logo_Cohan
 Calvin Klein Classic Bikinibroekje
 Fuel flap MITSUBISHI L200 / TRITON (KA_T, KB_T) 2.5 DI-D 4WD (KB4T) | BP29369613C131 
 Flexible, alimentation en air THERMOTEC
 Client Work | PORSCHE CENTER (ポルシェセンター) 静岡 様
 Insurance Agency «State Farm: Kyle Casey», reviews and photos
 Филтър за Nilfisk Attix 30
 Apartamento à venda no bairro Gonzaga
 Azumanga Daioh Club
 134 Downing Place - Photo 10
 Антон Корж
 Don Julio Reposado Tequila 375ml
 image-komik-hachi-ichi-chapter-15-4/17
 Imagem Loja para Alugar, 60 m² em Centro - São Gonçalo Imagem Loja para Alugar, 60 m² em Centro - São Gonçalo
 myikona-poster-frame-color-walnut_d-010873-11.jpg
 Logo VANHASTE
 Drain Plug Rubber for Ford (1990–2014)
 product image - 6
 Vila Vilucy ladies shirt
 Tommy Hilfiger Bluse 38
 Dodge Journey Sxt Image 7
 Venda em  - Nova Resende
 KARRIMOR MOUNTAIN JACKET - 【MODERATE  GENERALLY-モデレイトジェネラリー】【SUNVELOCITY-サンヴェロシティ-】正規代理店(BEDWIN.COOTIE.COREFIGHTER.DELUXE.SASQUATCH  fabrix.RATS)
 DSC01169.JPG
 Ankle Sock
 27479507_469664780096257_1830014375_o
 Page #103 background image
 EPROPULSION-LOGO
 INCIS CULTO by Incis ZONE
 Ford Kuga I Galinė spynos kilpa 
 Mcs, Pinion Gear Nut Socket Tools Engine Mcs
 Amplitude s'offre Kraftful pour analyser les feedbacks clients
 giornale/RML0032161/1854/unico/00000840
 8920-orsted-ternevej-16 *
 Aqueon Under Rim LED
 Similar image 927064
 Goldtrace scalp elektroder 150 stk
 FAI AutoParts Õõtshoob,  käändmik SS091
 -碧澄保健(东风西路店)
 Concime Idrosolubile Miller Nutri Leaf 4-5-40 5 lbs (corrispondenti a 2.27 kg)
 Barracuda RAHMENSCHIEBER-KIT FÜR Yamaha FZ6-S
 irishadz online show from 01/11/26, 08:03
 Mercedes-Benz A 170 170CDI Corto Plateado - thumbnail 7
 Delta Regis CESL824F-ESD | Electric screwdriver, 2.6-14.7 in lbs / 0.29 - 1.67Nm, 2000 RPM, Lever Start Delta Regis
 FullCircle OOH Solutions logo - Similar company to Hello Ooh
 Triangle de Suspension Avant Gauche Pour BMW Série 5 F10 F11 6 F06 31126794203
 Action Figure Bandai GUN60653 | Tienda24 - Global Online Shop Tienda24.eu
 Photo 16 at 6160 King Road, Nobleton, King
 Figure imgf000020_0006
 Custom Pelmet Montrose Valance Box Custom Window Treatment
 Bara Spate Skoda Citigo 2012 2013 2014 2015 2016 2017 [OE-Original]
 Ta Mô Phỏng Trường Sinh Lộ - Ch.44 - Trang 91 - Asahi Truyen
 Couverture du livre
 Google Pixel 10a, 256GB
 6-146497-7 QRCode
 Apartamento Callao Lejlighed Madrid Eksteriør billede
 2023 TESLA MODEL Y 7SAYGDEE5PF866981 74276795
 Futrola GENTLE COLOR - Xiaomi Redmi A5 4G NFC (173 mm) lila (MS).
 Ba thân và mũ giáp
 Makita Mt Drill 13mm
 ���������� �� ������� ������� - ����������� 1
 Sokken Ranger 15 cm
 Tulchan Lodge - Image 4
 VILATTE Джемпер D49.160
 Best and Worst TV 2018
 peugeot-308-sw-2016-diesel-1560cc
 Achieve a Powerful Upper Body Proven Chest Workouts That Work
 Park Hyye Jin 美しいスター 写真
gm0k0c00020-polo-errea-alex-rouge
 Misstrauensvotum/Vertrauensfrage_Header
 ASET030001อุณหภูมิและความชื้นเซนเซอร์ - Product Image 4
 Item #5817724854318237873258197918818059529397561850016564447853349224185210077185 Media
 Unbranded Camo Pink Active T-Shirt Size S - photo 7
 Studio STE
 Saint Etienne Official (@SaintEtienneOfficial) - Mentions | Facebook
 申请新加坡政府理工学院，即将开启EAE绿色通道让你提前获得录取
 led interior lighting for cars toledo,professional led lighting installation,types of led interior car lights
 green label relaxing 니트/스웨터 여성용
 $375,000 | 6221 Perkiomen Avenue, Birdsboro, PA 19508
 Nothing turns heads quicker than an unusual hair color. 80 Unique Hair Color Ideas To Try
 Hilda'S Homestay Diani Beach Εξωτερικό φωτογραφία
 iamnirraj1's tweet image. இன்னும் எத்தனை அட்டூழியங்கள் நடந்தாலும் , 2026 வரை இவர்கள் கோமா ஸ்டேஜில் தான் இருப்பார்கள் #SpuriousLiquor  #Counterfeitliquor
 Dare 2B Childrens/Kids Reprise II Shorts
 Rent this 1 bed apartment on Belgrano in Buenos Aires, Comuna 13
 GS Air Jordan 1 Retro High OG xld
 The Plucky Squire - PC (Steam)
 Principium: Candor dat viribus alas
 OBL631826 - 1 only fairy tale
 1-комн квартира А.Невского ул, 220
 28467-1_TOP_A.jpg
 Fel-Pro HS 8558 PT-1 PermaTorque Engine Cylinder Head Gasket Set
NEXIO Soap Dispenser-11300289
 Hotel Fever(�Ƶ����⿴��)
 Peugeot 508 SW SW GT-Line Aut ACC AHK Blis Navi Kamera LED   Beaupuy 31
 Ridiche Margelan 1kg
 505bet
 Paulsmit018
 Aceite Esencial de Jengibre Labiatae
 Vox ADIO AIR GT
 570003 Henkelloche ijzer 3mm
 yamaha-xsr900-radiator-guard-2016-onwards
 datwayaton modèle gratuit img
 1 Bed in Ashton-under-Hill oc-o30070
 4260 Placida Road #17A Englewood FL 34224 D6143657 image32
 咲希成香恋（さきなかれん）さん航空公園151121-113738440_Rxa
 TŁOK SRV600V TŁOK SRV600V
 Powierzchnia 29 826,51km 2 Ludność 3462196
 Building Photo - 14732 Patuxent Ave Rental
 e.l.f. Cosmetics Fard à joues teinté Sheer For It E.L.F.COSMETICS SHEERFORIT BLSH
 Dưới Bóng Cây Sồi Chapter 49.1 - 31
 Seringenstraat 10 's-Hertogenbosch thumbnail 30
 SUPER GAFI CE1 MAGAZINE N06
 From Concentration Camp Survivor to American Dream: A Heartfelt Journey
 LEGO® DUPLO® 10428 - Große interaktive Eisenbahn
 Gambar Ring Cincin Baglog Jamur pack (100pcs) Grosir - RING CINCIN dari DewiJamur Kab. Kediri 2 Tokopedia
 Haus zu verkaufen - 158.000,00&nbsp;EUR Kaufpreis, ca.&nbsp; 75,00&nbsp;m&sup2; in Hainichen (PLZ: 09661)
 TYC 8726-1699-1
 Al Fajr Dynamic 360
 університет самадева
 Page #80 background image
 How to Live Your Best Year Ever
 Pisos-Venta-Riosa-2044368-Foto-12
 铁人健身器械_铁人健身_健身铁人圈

__Activity__. Go through the material above and state how many lines hold the word "Best". Give only the number.

__Answer section__. 2